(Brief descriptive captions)
((

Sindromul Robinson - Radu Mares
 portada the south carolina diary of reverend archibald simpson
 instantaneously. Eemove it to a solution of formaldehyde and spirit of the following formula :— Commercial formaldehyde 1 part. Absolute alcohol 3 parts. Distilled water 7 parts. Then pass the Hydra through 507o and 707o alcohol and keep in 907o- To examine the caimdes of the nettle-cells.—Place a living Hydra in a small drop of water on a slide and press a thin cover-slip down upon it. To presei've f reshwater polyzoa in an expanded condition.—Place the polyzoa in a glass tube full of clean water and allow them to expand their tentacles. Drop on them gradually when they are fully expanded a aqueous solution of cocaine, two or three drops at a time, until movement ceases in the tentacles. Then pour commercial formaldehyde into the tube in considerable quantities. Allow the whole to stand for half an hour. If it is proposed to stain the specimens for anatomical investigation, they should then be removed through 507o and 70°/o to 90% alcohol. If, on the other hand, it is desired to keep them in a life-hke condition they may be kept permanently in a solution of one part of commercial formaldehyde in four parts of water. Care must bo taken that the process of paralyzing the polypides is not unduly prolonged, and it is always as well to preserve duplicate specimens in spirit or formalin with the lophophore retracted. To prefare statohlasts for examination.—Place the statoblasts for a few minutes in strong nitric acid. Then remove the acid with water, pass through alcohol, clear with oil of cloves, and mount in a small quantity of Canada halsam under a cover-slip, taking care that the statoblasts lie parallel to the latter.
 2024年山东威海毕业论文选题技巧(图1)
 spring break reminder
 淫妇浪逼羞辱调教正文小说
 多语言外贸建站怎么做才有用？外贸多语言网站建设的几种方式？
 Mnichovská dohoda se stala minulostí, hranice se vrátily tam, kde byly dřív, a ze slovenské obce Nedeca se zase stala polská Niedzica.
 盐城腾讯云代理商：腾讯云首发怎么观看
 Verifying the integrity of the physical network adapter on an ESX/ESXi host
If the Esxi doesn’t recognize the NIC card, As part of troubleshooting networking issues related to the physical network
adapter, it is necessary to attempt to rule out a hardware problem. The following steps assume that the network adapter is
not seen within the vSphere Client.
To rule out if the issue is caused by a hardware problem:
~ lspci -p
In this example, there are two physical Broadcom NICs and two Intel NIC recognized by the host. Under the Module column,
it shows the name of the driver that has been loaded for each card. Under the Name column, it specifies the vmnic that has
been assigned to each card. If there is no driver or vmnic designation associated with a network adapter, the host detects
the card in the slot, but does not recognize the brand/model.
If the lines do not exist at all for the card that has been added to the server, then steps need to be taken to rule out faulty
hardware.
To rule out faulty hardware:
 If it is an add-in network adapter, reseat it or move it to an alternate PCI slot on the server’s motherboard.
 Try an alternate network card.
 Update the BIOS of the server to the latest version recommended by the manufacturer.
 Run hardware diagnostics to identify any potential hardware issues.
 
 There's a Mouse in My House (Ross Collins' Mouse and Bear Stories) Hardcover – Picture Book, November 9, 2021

))

▶ **REQUIRED ACTION**
Retype the lines above without alteration. The first is the one containing "If the Esxi", and the last is the final line of the data.

▶ **EXERCISE OUTPUT**
If the Esxi doesn’t recognize the NIC card, As part of troubleshooting networking issues related to the physical network
adapter, it is necessary to attempt to rule out a hardware problem. The following steps assume that the network adapter is
not seen within the vSphere Client.
To rule out if the issue is caused by a hardware problem:
~ lspci -p
In this example, there are two physical Broadcom NICs and two Intel NIC recognized by the host. Under the Module column,
it shows the name of the driver that has been loaded for each card. Under the Name column, it specifies the vmnic that has
been assigned to each card. If there is no driver or vmnic designation associated with a network adapter, the host detects
the card in the slot, but does not recognize the brand/model.
If the lines do not exist at all for the card that has been added to the server, then steps need to be taken to rule out faulty
hardware.
To rule out faulty hardware:
 If it is an add-in network adapter, reseat it or move it to an alternate PCI slot on the server’s motherboard.
 Try an alternate network card.
 Update the BIOS of the server to the latest version recommended by the manufacturer.
 Run hardware diagnostics to identify any potential hardware issues.
 
 There's a Mouse in My House (Ross Collins' Mouse and Bear Stories) Hardcover – Picture Book, November 9, 2021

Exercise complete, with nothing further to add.